WHAT IS REQUIRED:
Instruction for the data below: set down exactly the lines from the line with "Waterton Park, Alberta, Kanada." to the line with "1986 tan and", inclusive, and no others.

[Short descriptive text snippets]
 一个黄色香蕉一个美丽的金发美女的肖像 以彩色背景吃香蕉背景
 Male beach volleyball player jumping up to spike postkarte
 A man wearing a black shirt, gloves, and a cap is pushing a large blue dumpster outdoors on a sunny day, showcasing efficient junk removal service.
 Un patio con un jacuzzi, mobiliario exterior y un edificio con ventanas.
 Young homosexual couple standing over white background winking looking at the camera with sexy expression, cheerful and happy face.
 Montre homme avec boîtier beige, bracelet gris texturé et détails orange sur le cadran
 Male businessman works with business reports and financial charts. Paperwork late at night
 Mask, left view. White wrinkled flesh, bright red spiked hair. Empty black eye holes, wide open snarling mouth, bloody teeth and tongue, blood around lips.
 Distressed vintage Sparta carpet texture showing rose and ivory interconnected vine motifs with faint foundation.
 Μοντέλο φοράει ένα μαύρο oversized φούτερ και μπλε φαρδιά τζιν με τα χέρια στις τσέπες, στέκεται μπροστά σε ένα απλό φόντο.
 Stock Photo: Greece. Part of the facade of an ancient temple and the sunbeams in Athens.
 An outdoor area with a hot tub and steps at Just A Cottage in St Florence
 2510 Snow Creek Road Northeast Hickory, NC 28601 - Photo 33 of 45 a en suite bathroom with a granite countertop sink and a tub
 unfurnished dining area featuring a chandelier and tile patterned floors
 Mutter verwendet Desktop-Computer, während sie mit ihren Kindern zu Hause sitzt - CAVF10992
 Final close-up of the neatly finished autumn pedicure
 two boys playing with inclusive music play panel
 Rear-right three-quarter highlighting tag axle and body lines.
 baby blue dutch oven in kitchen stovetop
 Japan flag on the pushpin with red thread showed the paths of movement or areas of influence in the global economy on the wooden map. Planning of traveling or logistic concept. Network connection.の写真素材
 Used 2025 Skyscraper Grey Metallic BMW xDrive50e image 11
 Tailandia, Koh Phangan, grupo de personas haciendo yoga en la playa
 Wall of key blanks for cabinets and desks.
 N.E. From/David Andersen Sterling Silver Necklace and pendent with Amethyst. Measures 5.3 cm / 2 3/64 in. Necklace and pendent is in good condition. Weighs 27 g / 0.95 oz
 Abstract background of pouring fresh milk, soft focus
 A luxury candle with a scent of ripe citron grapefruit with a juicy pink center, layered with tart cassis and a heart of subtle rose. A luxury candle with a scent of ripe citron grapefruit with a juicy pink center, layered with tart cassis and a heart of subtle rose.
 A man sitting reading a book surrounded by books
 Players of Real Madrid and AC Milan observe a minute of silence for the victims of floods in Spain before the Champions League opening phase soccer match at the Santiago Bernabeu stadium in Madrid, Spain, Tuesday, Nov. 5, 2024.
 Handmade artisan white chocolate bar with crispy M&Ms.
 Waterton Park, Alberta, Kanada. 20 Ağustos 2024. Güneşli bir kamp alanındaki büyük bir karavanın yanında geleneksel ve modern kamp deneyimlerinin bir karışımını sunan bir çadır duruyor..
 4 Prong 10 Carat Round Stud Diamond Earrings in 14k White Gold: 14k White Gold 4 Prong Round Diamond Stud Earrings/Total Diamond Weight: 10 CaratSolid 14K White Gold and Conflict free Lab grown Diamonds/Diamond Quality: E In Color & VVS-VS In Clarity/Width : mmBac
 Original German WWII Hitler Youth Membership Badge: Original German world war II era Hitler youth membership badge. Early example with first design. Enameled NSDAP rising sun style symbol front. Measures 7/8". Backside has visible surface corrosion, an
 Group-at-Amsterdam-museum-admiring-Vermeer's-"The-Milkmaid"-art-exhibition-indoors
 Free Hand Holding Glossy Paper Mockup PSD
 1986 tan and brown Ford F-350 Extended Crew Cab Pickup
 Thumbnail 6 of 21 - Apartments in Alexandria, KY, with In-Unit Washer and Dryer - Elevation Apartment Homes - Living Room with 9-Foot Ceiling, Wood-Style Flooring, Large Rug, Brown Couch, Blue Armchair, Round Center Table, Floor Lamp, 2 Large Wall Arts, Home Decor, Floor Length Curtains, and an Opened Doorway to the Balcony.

RESULT FOR THIS TASK:
 Waterton Park, Alberta, Kanada. 20 Ağustos 2024. Güneşli bir kamp alanındaki büyük bir karavanın yanında geleneksel ve modern kamp deneyimlerinin bir karışımını sunan bir çadır duruyor..
 4 Prong 10 Carat Round Stud Diamond Earrings in 14k White Gold: 14k White Gold 4 Prong Round Diamond Stud Earrings/Total Diamond Weight: 10 CaratSolid 14K White Gold and Conflict free Lab grown Diamonds/Diamond Quality: E In Color & VVS-VS In Clarity/Width : mmBac
 Original German WWII Hitler Youth Membership Badge: Original German world war II era Hitler youth membership badge. Early example with first design. Enameled NSDAP rising sun style symbol front. Measures 7/8". Backside has visible surface corrosion, an
 Group-at-Amsterdam-museum-admiring-Vermeer's-"The-Milkmaid"-art-exhibition-indoors
 Free Hand Holding Glossy Paper Mockup PSD
 1986 tan and brown Ford F-350 Extended Crew Cab Pickup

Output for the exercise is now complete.